Here is the section taken from Ellen White without a shred of Biblical support:

…during those awful hours on the cross He could not see through the darkness to the resurrection and the Second Advent. He felt that the “separation [from God and the Spirit] was to be eternal.”4 Christ was willing to perish in order to save humanity.

I have already pointed out that Christ conversation with the thief on the other cross shows that Christ did see past His death not to mention the numerous references such as where speaking of His body, He said destroy this temple and in three days I will build it again, or saying that He was going to lay down His life and pick it up again. Gulley is a professor in systematic Theology, but he would be hard pressed to back up his statement above from the Bible, it frankly is contradicted by the Bible. As you can tell he does not even try, not even with a verse taken out of context which we have seen is a technique he uses quite often.

Nearing the end of the article it says:

Each member of the Trinity suffered at the cross. And it wrenched the heart of Deity to hear the Man of sorrows cry out “My God, my God, why have you forsaken me?” (Mark 15:34). The “payment” for human guilt meant that Christ bore the punishment for all sin. He experienced what would have been our total abandonment by God. There was no other way.

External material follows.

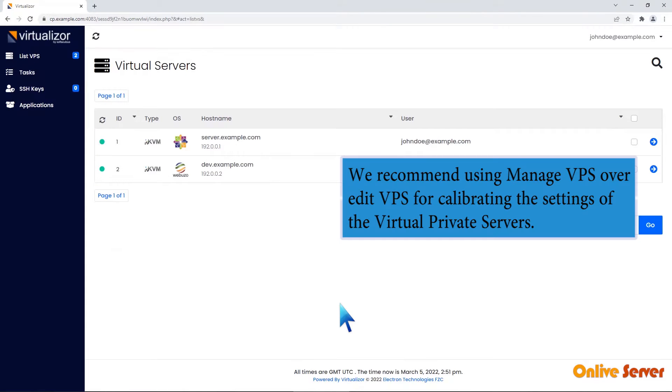We recommend using Manage VPS over Edit VPS for calibrating the settings of the virtual private servers.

The Bible is pretty clear saying that men killed Christ 5 times in the New Testament never once saying that His death was the punishment He paid for our sins. Never saying that the wrath of God was poured out on Christ. These are common Christian statements, but they have no New Testament support. Neither does the Bible say that Christ suffered the abandonment of God or that Christ suffered the payment for human guilt. To say that something that the Bible does not even say…that there is no other way is simply false. But it is the common practice for many Christians, mainly evangelical and fundamentalist Christians who think that no other possible atonement theory is acceptable, only substitutionary theory is acceptable. It is a plea to tradition which has far too many problems to be accepted today.

Which I why I can’t accept their tradition of Penal/Substitutionary theory.


Anonymous said...

Next thing you know you'll be questing the trinity!

Anonymous said...

Thanks for expanding my objections to the theology expressed in the article. You did a very thoughtful and persuasive defense of your position and mine.

Andy Hanson said...

I hit the wrong keys. I did not intend to leave an anonymous comment. The preceding words are mine.